The standalone "Lingxi" AI-native office agent features a new "Automatic Dreaming" function, or knowledge extraction capability. This function can automatically extract valuable insights from a user's cloud documents, local files, and recent conversation history, gradually building a deep understanding of the user's personal knowledge system over time. Once activated, it systematically records past projects, writing styles, topics of interest, and mentioned concepts, and can then automatically generate text tailored to the user's preferences based on new instructions.
From Conversation to Execution
Tencent also debuted its "WorkBuddy" (AI Office Executor) at the event. Built on Tencent's agent architecture, it allows users to create, invoke, and coordinate multiple agents using natural language to complete complex office tasks, upgrading the experience from "conversational AI" to "executive AI." Through one-click task decomposition and multi-agent collaboration, employees can simply state a requirement, and the AI will autonomously run through the entire compliant office process in the background.
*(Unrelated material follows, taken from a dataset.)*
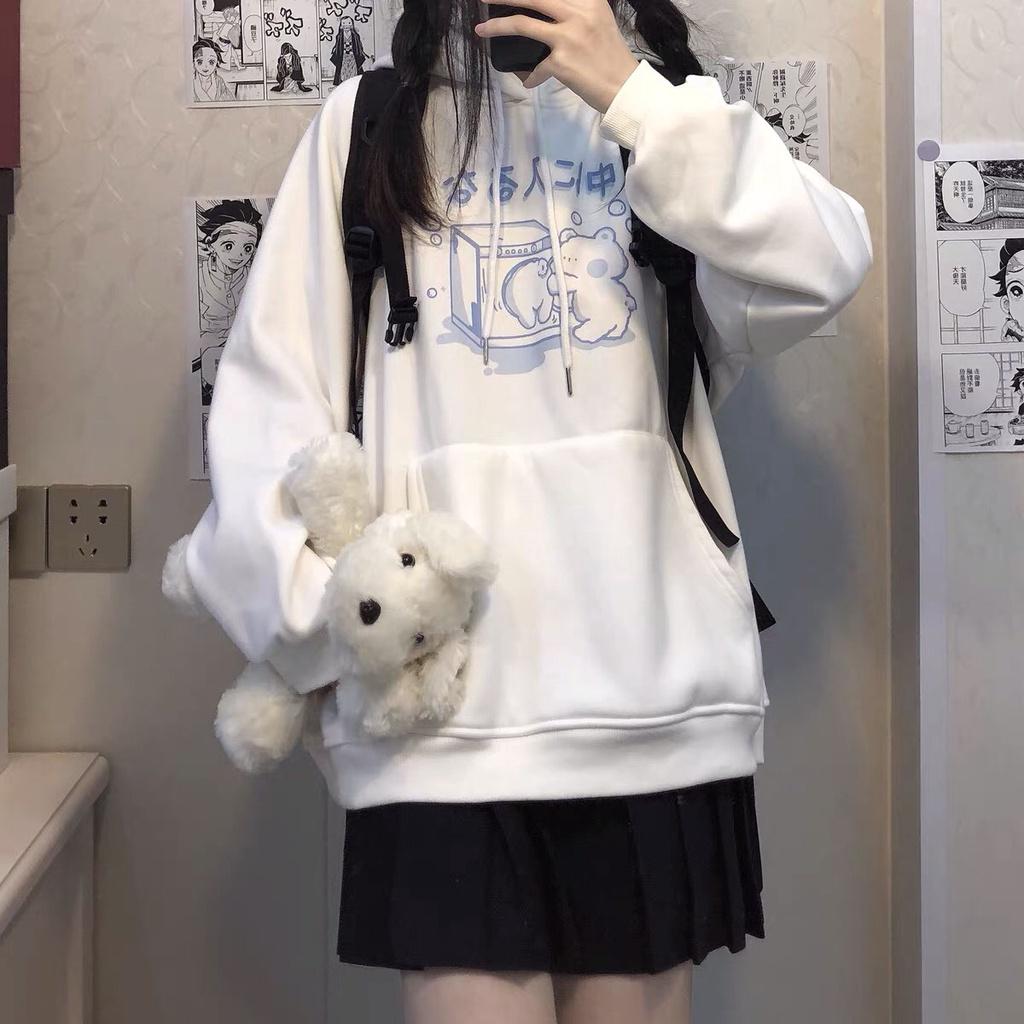 Áo Hoodie Nỉ Bông In Họa Tiết GẤU MilK Form Rộng Unisex Nam Nữ Ulzzang, Áo hoodie form rộng WIND unisex nỉ bông thời trang nam nữ oversize ulzzang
Core Industrial Applications
As a global manufacturing powerhouse, China's vast industrial sector presents a core application arena for AI agents to demonstrate their capabilities. At the JD.com booth, a staff member demonstrated a use case: she took a photo of a worn equipment nameplate with her phone. The AI agent automatically identified the model, and within seconds, product links and three alternative options appeared on the screen. A click confirmed the selection and placed the order with one tap.
Wang Chen, an operations staffer for the AI Intelligent Procurement Steward product, explained that the team visited numerous manufacturing firms during development and identified common procurement pain points. When a part on the production line fails, an engineer sends a photo to procurement, who then must identify the model from the image, seek quotes from various sources, and compare parameters—a process that can take days for a single part. For procurement lists with over 100 line items, manually searching for each one is particularly tedious and inefficient for many manufacturers. AI can automate all of this.
Wang Chen introduced that using the AI Intelligent Procurement Steward, a buyer simply states their need in natural language—via text, voice, a photo, or a blueprint—and the AI handles the understanding and execution. The process spans from image recognition and sourcing, parsing bills of materials, and intelligently matching substitute parts, to real-time price comparison and sourcing, one-click ordering, and order tracking. This shifts procurement decisions from "experience-driven" to "data-driven," reducing selection and decision-making time by 70% and lowering the risk of mismatched parts by 60%.
Extending to Design
The application extends beyond procurement into the design phase. A selection agent can start from technical drawings, automatically reason and decompose tasks, bridging design and procurement to shorten design cycles by over 50%. For instance, AI design visualization projects enable "design as selection, selection as procurement." By generating 3D models through AI dialogue and completing parts list matching, it significantly lowers the barrier to design, accelerates the journey from design to production, reduces overall design costs, and automatically matches the most cost-effective parts solutions.